[Opening Listed entries section]
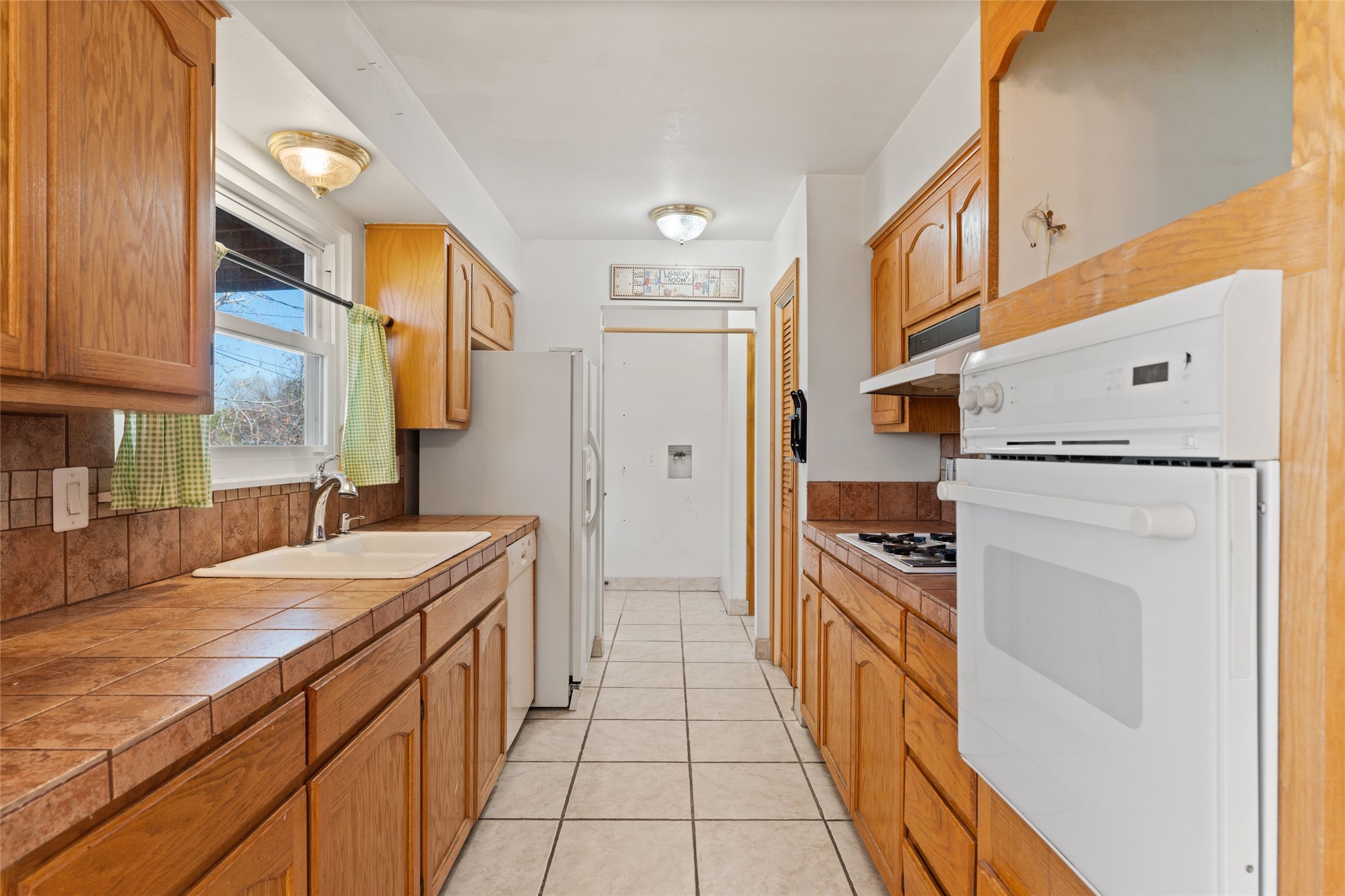 2280 Calle Cuesta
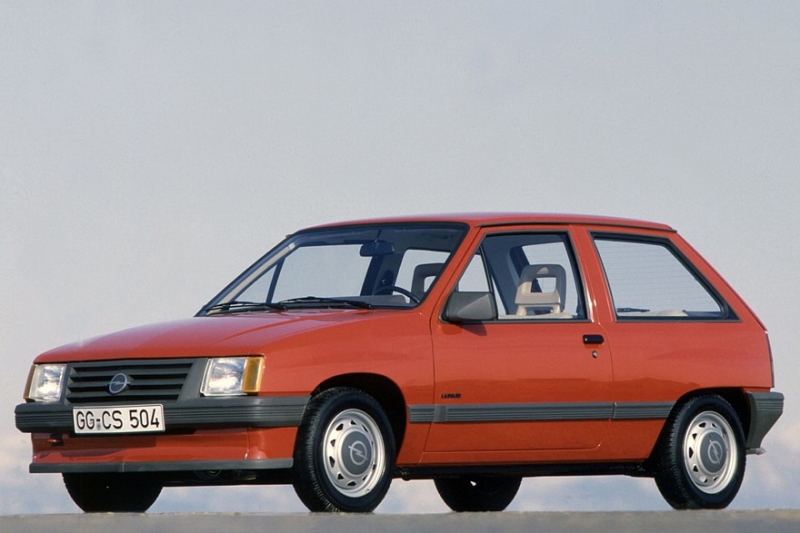 Львёнок-рекордсмен: почему Peugeot 205 был одним из лучших в своём классе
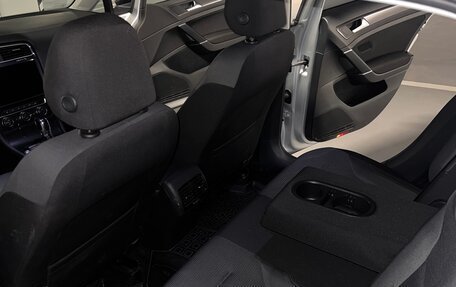 Volkswagen Golf VII, 2018 год, 1 350 000 рублей, 13 фотография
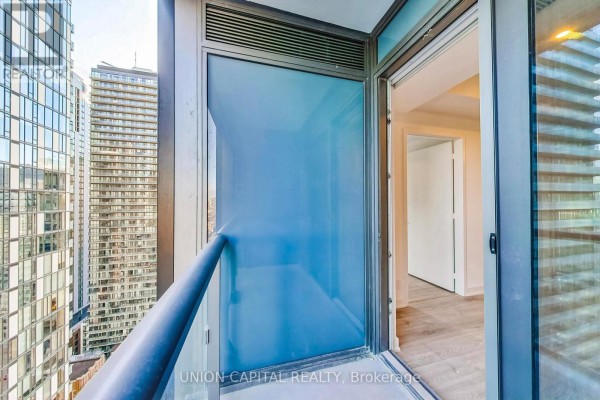 3305 - 108 Peter Street, Toronto, ON M5V0W2 Photo 2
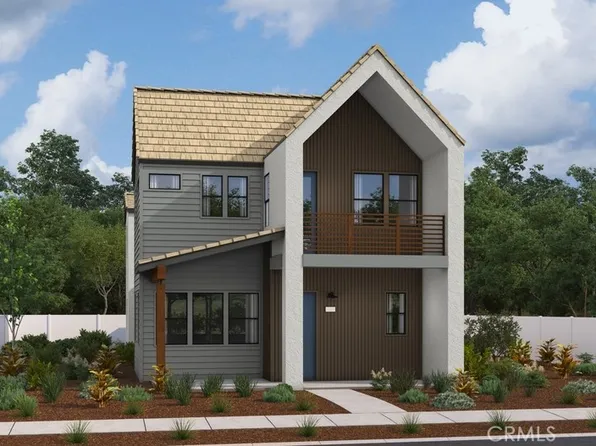 27415 Creekwood Ln, Valencia, CA 91381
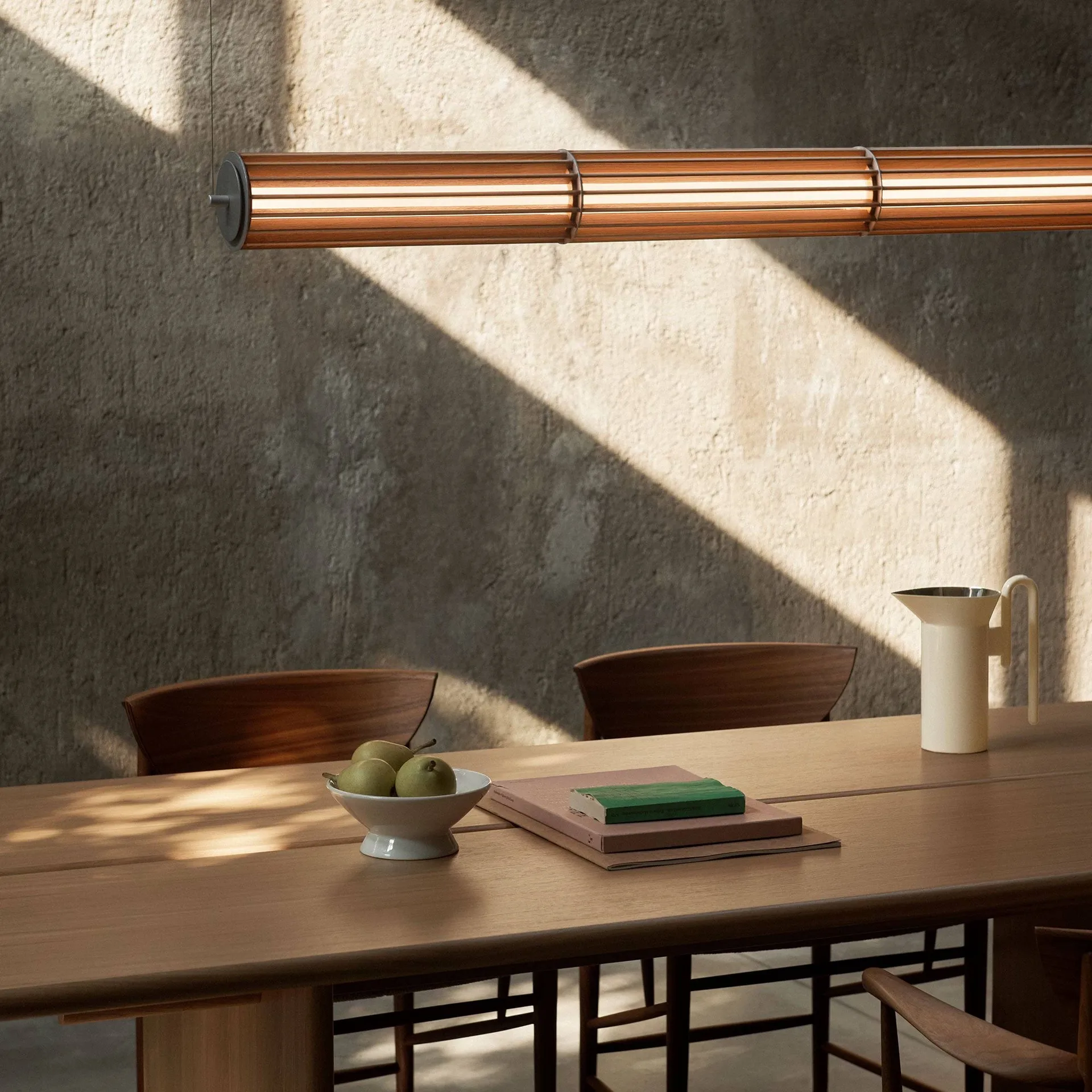 Lampa wisząca Numbra TY1, Lakierowany dąb-bębnowane aluminium &Tradition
[Closing Listed entries section]
▶ Work item
The copy must start at the line containing "Львёнок-рекордсмен: почему Peugeot" and stop at the last line of the listing, both included, with every line exact and no pictures.

▶ Answer space
 Львёнок-рекордсмен: почему Peugeot 205 был одним из лучших в своём классе
 Volkswagen Golf VII, 2018 год, 1 350 000 рублей, 13 фотография
 3305 - 108 Peter Street, Toronto, ON M5V0W2 Photo 2
 27415 Creekwood Ln, Valencia, CA 91381
 Lampa wisząca Numbra TY1, Lakierowany dąb-bębnowane aluminium &Tradition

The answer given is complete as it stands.